Campaign History in BigQuery

Each In-app campaign change made by customers through UI, or by automatic workers running in the background, is stored in BigQuery with complete data snapshot of the campaign at the time of change, and the event timestamp.

This allows us to use BigQuery to go back in time, and see the exact state of customer’s campaigns at a particular date and time in the past, which can be especially useful for handling support tickets.

Data in BigQuery is stored in ems-mobile-engage project, and inapp_campaigns dataset.

Architecture

Campaign History BigQuery Architecture

Explanation

Campaign change events which are dispatched from Campaigns model are published to Pub/Sub for asynchrounous processing by a separate worker. Decision to process campaign change events asynchronously was done in order to keep the request processing time as low as possible.

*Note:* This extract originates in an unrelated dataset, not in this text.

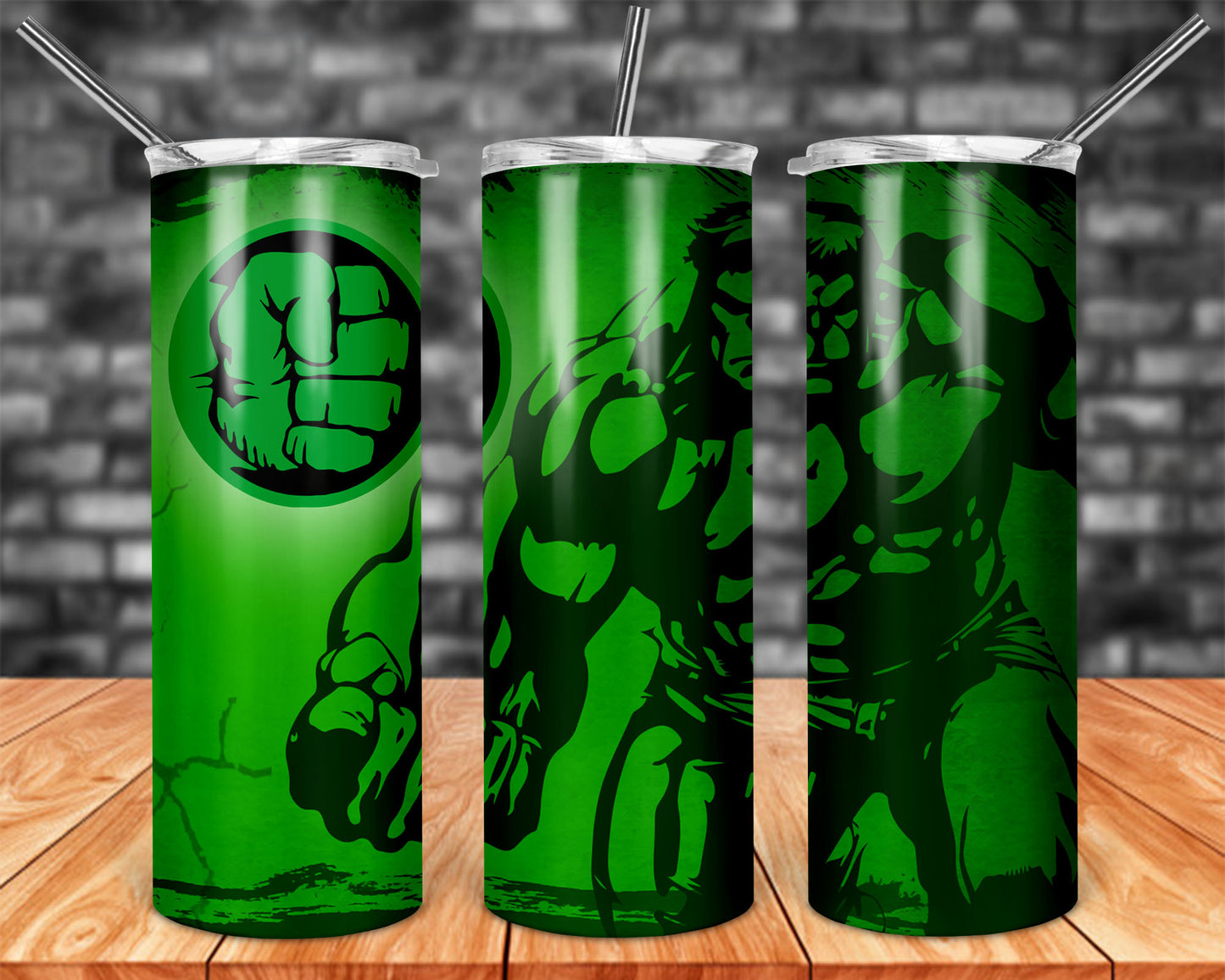 Superhero Tumblers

For example, when a customer creates a new In-app campaign, we put it on top of the campaign list by setting its priority to 1. We also update priorities of all other campaigns by lowering their priority numbers by one. This means that we have to publish campaign change event to BigQuery for each campaign that customer has. But to do so, we would need to fetch all campaign fields from the DB for all customers' campaigns.

To avoid doing that, workers (those which modify campaign table, e.g. web worker) simply publish messages to Pub/Sub containing campaignId of a campaign which was touched in the DB. Only in case of campaign deletion, we publish the campaign content in the message.

Then a separate worker (campaign-big-query-publish) picks up those messages, fetches the complete campaign data from the DB for the given campaignId, and publishes the data to BigQuery (via Pub/Sub and Dataflow).

Drawback

It could happen that there were two or more update events for the same campaign in the very short time span (e.g. customer pressing Save button in UI for every small change). Since these events are processed asynchronously by the worker, when it fetches the campaign content from the DB, it could happen that it only sees the last change, and we miss the changes which happened in between.

This is the trade-off that we accept, and shouldn’t pose a significant problem when looking back in time during customer support handling.